> _Exercise aim_
Determine how many lines in the entries below contain "Sleeve", and output that number alone.

Caption-style text data

□ □ □ □ □ □ □

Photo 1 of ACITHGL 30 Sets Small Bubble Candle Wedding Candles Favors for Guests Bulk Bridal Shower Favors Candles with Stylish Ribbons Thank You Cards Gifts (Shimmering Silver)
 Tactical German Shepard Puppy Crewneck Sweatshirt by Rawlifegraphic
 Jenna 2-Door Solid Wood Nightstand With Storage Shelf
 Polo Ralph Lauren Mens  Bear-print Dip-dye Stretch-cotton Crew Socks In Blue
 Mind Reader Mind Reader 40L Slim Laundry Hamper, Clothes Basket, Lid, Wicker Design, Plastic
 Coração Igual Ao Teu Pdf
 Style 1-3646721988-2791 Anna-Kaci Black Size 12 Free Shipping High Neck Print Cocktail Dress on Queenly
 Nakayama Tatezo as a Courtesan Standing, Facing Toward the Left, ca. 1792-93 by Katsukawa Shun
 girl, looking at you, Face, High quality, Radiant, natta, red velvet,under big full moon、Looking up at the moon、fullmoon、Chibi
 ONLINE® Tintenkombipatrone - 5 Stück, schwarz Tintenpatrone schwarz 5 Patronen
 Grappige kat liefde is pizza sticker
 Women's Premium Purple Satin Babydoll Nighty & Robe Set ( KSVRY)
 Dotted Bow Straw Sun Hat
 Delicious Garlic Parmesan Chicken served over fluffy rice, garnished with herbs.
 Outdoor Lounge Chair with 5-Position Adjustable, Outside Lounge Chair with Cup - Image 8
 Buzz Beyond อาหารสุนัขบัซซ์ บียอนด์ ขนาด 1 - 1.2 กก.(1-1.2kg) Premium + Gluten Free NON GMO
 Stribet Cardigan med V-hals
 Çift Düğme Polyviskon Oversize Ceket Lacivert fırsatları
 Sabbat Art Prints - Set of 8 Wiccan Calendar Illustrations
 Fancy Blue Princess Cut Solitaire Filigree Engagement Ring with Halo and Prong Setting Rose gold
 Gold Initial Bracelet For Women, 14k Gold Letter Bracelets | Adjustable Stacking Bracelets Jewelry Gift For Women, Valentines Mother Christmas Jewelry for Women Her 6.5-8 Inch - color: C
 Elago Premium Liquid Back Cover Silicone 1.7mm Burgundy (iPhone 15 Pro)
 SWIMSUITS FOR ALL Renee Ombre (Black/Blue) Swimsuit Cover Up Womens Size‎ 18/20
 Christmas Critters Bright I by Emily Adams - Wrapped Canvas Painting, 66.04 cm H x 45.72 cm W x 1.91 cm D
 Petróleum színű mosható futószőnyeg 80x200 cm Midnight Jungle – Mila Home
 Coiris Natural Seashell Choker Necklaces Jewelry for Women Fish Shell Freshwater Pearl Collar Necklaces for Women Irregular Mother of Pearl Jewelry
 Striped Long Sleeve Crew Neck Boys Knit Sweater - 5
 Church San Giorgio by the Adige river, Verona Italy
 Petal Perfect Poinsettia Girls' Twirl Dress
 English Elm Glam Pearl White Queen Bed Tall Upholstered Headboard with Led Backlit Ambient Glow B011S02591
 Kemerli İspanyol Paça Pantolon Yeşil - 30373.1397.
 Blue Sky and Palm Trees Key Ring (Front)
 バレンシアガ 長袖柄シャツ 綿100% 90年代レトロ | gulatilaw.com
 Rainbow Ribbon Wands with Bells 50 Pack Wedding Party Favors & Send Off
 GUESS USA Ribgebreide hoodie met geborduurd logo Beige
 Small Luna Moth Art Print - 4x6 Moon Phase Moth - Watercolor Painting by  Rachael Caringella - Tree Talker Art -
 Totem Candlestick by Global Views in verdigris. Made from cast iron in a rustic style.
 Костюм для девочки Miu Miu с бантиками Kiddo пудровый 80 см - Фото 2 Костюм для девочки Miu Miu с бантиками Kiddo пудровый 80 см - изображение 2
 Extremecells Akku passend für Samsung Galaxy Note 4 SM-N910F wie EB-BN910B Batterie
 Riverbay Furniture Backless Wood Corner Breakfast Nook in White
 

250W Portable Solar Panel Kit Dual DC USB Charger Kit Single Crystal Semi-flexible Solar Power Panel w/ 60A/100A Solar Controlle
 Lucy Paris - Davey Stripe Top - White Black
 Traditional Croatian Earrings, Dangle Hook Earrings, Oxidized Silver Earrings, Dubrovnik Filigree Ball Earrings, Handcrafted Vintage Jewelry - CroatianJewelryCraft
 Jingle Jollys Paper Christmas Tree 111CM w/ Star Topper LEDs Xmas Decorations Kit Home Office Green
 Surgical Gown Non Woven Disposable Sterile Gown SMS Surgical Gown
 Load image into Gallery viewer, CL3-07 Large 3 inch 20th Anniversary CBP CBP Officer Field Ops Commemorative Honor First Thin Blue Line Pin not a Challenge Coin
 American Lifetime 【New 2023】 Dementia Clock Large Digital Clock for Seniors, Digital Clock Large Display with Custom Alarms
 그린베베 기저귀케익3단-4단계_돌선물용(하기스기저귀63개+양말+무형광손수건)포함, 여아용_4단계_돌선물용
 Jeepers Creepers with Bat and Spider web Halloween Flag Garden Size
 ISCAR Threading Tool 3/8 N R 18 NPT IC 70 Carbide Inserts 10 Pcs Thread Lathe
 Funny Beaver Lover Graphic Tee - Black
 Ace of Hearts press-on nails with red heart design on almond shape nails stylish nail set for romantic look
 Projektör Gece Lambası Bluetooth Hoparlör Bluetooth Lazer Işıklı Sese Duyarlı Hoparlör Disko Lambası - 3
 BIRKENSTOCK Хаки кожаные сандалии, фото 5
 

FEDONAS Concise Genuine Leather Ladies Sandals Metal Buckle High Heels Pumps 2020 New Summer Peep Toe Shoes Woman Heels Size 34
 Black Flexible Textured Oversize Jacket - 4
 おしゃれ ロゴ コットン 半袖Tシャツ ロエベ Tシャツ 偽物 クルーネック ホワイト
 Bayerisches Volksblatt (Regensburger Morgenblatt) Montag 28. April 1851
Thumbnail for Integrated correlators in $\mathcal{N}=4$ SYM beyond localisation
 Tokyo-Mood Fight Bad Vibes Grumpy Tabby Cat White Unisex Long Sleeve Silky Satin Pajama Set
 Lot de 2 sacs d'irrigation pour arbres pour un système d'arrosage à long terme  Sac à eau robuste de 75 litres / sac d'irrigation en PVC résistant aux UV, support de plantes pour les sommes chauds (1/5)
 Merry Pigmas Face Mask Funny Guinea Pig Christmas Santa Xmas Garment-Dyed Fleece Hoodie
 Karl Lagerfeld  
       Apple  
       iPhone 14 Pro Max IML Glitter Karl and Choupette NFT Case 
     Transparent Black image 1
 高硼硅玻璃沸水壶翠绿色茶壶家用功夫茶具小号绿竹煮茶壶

□ □ □ □ □ □ □

> _Result of this exercise_
2